Aim of the exercise: Return only the lines below starting at the line containing "Best iPhone 7, 7" and ending at the line containing "香港澳门二位白板堵孔明冚", both included, exactly as they are and with no pictures.

Provided data:

=== Begin Enclosure ===

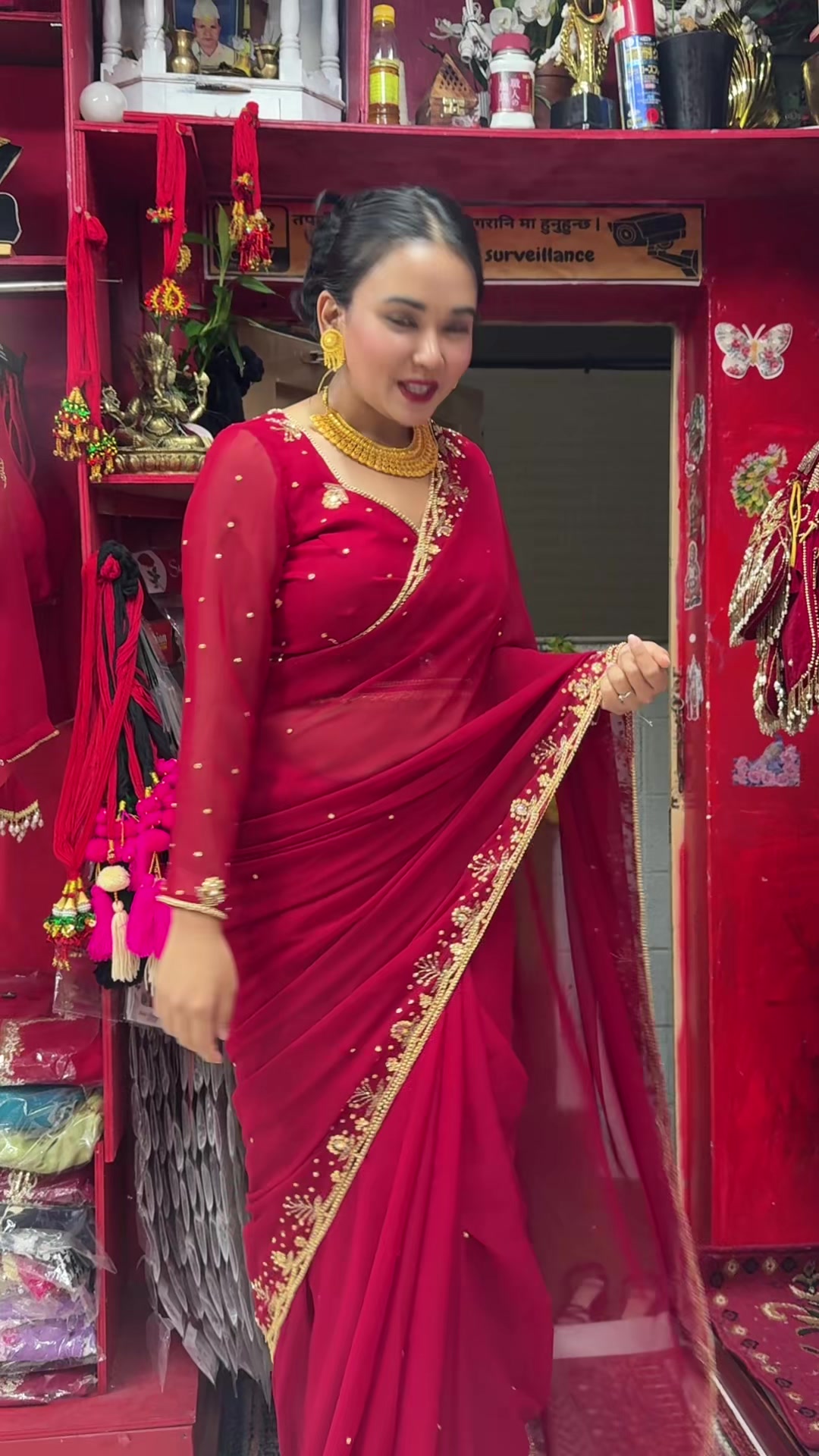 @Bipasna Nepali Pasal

=== End Enclosure ===
=== Begin Enclosure ===

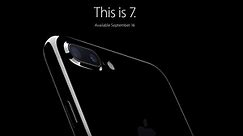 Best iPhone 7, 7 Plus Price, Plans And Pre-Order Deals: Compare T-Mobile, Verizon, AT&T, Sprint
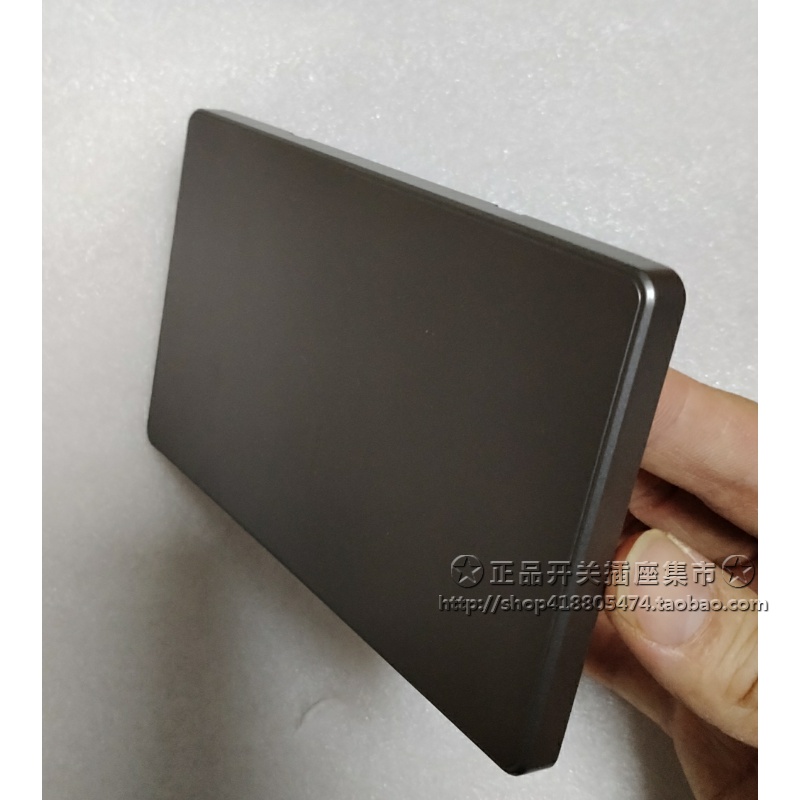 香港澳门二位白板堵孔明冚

=== End Enclosure ===

Answer to the problem:
 Best iPhone 7, 7 Plus Price, Plans And Pre-Order Deals: Compare T-Mobile, Verizon, AT&T, Sprint
 香港澳门二位白板堵孔明冚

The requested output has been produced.